▸ Provided material
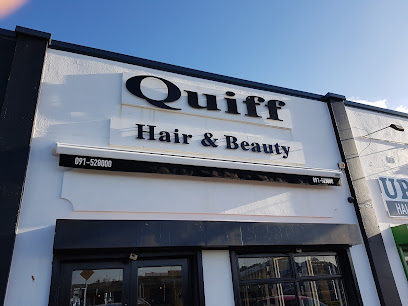 Quiff Hair & Beauty Galway Quiff Hair & Beauty Galway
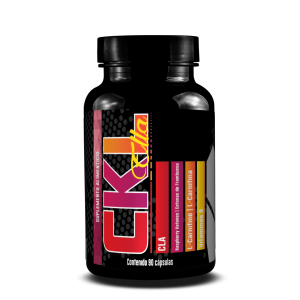 ADVANCE NUTRITION CKL ELLA 90 CAPS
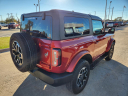 Thumbnail image of 2023 Ford Bronco at Burtis Motor Co.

▸ Task requirements
Each line above should be written out again unchanged; no images are to be carried over.

▸ Answer to the exercise
 Quiff Hair & Beauty Galway Quiff Hair & Beauty Galway
 ADVANCE NUTRITION CKL ELLA 90 CAPS
 Thumbnail image of 2023 Ford Bronco at Burtis Motor Co.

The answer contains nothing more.